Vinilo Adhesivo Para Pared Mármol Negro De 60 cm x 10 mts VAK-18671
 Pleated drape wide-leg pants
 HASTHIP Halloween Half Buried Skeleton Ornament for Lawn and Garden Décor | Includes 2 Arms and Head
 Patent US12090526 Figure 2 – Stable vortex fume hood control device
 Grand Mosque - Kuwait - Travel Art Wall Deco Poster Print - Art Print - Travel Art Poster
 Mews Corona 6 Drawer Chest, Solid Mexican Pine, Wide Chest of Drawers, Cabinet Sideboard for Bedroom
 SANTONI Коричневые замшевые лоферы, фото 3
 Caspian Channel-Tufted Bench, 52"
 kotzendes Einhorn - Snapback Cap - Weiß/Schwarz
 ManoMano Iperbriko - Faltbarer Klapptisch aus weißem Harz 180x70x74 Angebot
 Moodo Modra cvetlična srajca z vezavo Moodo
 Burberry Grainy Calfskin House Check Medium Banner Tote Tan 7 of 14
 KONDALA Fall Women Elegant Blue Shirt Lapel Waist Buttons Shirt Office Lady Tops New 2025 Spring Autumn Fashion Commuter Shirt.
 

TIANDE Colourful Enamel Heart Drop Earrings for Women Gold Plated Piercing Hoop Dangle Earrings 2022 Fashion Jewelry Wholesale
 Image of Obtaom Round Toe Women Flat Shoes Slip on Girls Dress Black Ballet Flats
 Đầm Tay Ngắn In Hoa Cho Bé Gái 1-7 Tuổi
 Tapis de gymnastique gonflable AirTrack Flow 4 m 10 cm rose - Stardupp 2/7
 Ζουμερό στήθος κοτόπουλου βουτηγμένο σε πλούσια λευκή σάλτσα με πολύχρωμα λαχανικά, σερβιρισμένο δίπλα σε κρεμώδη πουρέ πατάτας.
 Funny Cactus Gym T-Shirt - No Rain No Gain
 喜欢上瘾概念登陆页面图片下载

○ ○ ○ ○ ○ ○ ○

What needs to be done - Filter the lines above, keeping and copying those that contain "Fashion".

Answer box -
 KONDALA Fall Women Elegant Blue Shirt Lapel Waist Buttons Shirt Office Lady Tops New 2025 Spring Autumn Fashion Commuter Shirt.
TIANDE Colourful Enamel Heart Drop Earrings for Women Gold Plated Piercing Hoop Dangle Earrings 2022 Fashion Jewelry Wholesale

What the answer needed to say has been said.